Unas punks convocaron a recuperar la herramienta que la delegación se quería robar en la Colonia Obrera. Tomé mi bicicleta y pedaleé por una ciudad llena de escombro. La gente caminaba en medio de la calle como si el tráfico no hubiera existido nunca. Al llegar ahí, todos estaban vestidos de negro, con botas, mochilas y paliacates. La valla era como una tocada y tenía un ambiente tenso. Como un grupo de niños que espera el castigo después de la travesura.

De vez en cuando se acercaba alguna de las chicas. Decía algo y regresaba a vigilar la montaña de picos y palas. Un hombre salió a contar que no había dormido en tres días. Dijo que sólo se recostaba un par de horas junto a las ruinas, se levantaba, mordía cualquier cosa y seguía picando la piedra hasta el cansancio. Un color blancuzco cubría todo su cuerpo. Tenía los ojos reventados de rojo. Parecía que él mismo deseaba quedar sepultado entre las rocas. Era como un fantasma al que no dejaron morir con su manada.

Una de las punks empezó a pasar la herramienta por encima de la valla. La gente presionó hasta que cedió la reja y la tocada se vino encima.
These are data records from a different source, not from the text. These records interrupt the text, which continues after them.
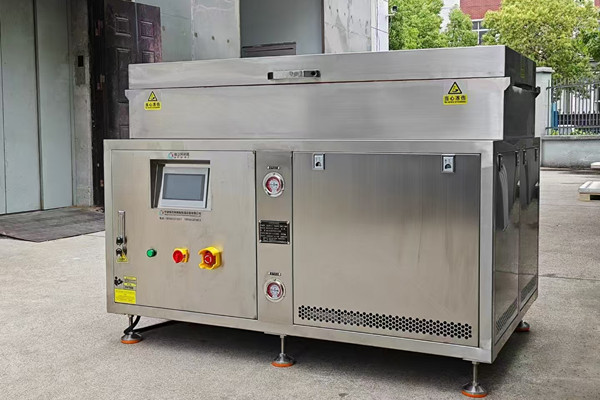 ylg060net永利娱高-152℃超低温淬火冷冻箱，极致低温技术开启工业冷冻新时代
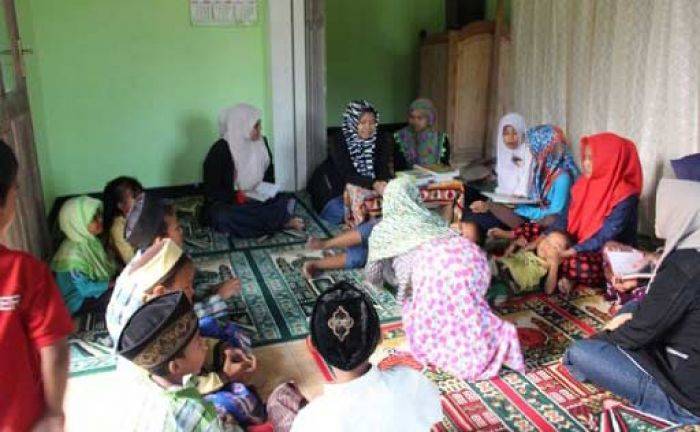 Mudik Belakangan, Sejumlah Santri Tambakberas Pilih Berdakwah di Pelosok Desa Jombang Mudik Belakangan, Sejumlah Santri Tambakberas Pilih Berdakwah di Pelosok Desa Jombang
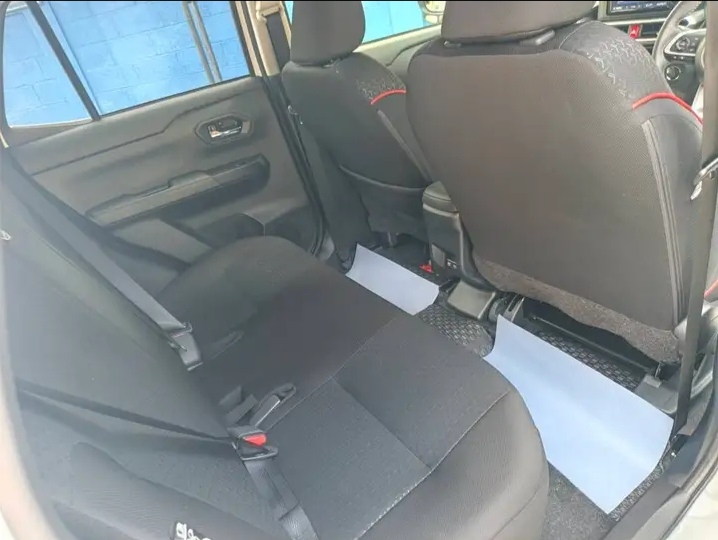 Advertisement image 6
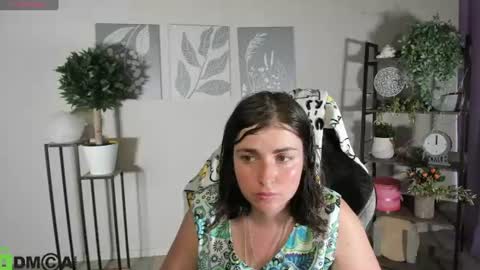 Snapshot of elara_starfall chatting on July 4, 2026, 5:46 am Marta online show from July 4, 2026, 5:46 am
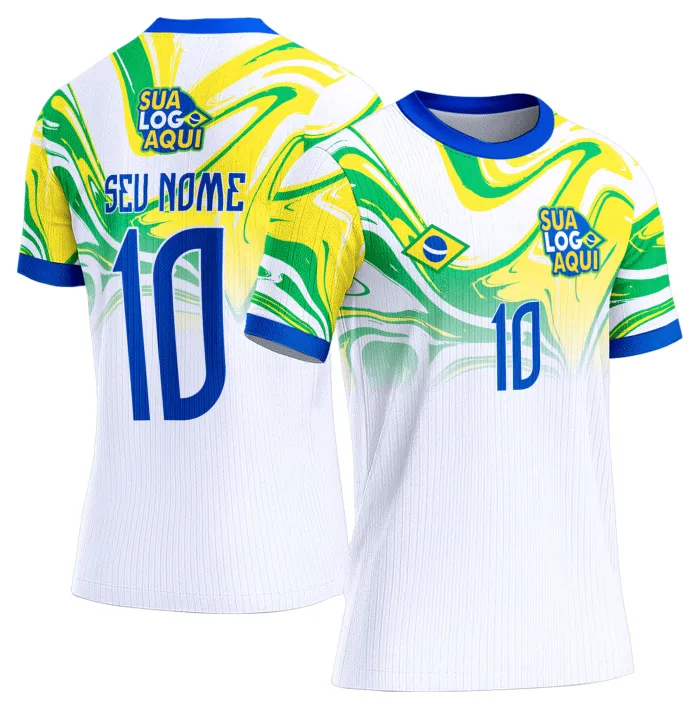 Camiseta unissex branca com logo no peito e estampa grande nas costas inspirada na seleção do Brasil para a Copa do Mundo 2026, ideal para torcedores que buscam estilo e conforto.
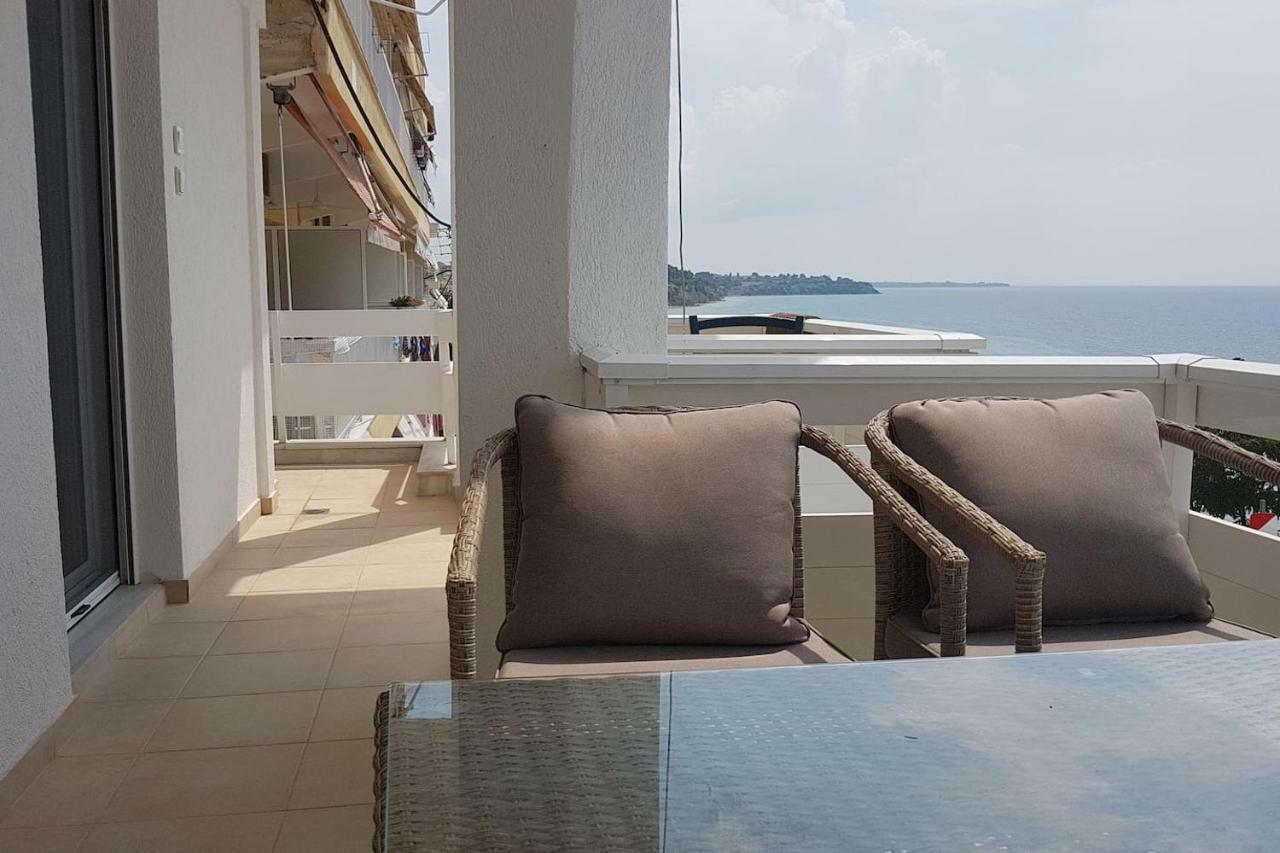 Luxury Apartment On The First Line ! Nea Kallikrateia Exteriör bild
Volaron piedras, cascos y herramientas segundos antes de las correteadas hasta que por fin los de la delegación se fueron en camiones vacíos. 

Temblando, arrastramos el resto de las cosas hasta la Escuela de Cultura Popular Mártires del 68, donde encontramos gente que había tomado otras rutas. Esa y otra herramienta llenó un volquete entero, al que varios se treparon entre chiflidos y bromas y salieron de la ciudad como si estuvieran yendo a una fiesta.

Los grupos de rezo llegaron una vez desalojada la esquina de Bolívar con Chimalpopoca. Vecinos, tejedoras del sindicato, familiares. Las cadenas de oración iban dejando velas, flores, santos, arreglos con papel y mensajes a manuscrita en un tinglado. Después brotaron las pintas, las consignas y hasta conectaron unas bocinas. Los postes tenían racimos de bicicletas de quienes llegaban y se iban. El duelo se materializó con muchos registros y colores.

En mi casa ya habían regresado al trabajo. Desayunamos, comimos y cenamos sándwiches hasta regurgitar el pan. La universidad se tardó más y yo procuré no ver ninguna imagen del sismo en las pantallas, aunque era tan difícil como mirar entre los huecos de una red.